15 December 2025 at 23:03


In 1950, the English mathematician Alan Turing devised what he called “the imitation game.” Later dubbed the Turing test, the experiment asks a human participant to conduct a conversation with an unknown partner and try to determine if it’s a computer or a person on the other end of the line. If the person can’t figure it out, the machine passes the Turing test.

Power grid operators are now preparing for their own version of the game. Virtual power plants, which concatenate small, distributed energy resources, are increasingly being tapped to balance electricity supply and demand. The question is: Can they do their job as well as conventional power plants?

Grid operators can now find out by running these power plants through a Turing-like test called the Huels. To pass the Huels test, the performance of a virtual power plant must be indistinguishable from that of a conventional power plant. A human grid operator serves as the judge.

Virtual power plant developer EnergyHub, based in Brooklyn, N.Y., developed the test and outlined it in a white paper released today. “What we’re really trying to do is fool the operators into feeling that these virtual power plants can act and feel and smell like conventional power plants,” says Paul Hines, chief scientist at EnergyHub. “This is a kind of first litmus test.”
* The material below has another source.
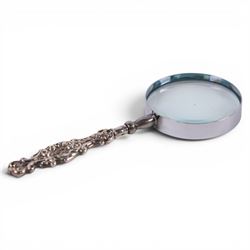 Silver compact mirror, silver handled magnifying glass and a silver-gilt bangle, all hallmarked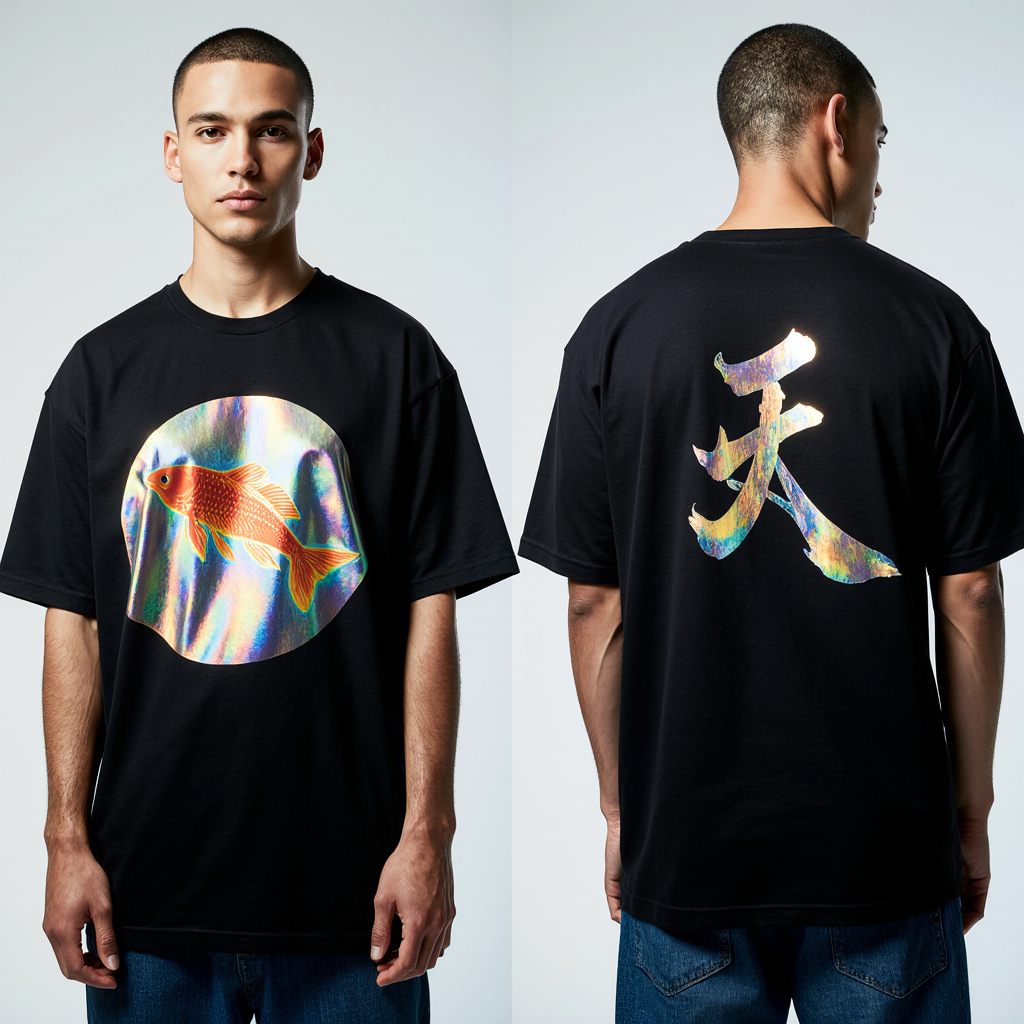 Holographic Koi Fish T-Shirt – Black Streetwear Tee with Iridescent Japanese Kanji Back Print | Unisex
What Are Virtual Power Plants (VPPs)?

The virtual-versus-conventional power plant question is a timely one. Virtual power plants, or VPPs, are networks of devices such as rooftop solar panels, home batteries, and smart thermostats that come together through software to collectively supply or conserve electricity.
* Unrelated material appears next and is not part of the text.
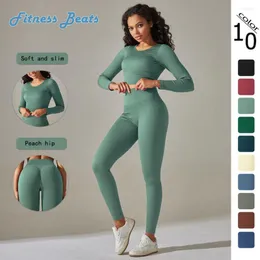Active Sets Gym Set Seamless Solid Color Thread Peach Hip High Waist Tight Long Sleeved Top Pants Leggings Yoga Suit Sports Running Fitness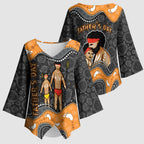 Australia Aboriginal Fathers Day Kimono Sleeve Blouse Indigenous Dot Art - Family Footprint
Unlike conventional power generation systems, which might crank up one big gas plant when electricity demand peaks, VPPs tap into small, widely disbursed equipment. For example, a VPP might harness electricity from hundreds of plugged-in electric vehicles or rooftop solar panels. Or it might direct smart thermostats in homes or businesses to turn down heat or cooling systems to reduce demand.

The technology is emerging at a time when concerns over data centers’ electricity demand is hitting a fever pitch. The consultancy BloombergNEF estimates data-center energy demand in the United States will reach 106 gigawatts by 2035–a 36 percent jump from what it had projected just seven months ago.

How utilities and grid operators will meet the growing demand is unclear and faces challenges on many fronts. Turbines for natural gas plants are backordered, and new nuclear reactors are still years away. Wind and solar, while cheap and fast to build, don’t produce the 24/7 electricity that data centers demand and face an uphill political battle under the Trump administration.

All of this together has created an opening for VPPs, which could add gigawatts to the grid without significantly jacking up electricity rates. “It’s a political issue. If you said you’re going to get electricity costs under control, this is literally the only way to do it in 12 months,” says Jigar Shah, a clean energy investor at Multiplier in Washington, D.C., who led the U.S. Department of Energy’s Loan Programs Office under the Biden administration.

VPPs could also reduce utilities’ need to invest in distribution equipment, avoiding supply chain shortages and inflated costs, Shah says. “There is no other idea that you could possibly deploy in 12 months that would have that big of an impact,” he says.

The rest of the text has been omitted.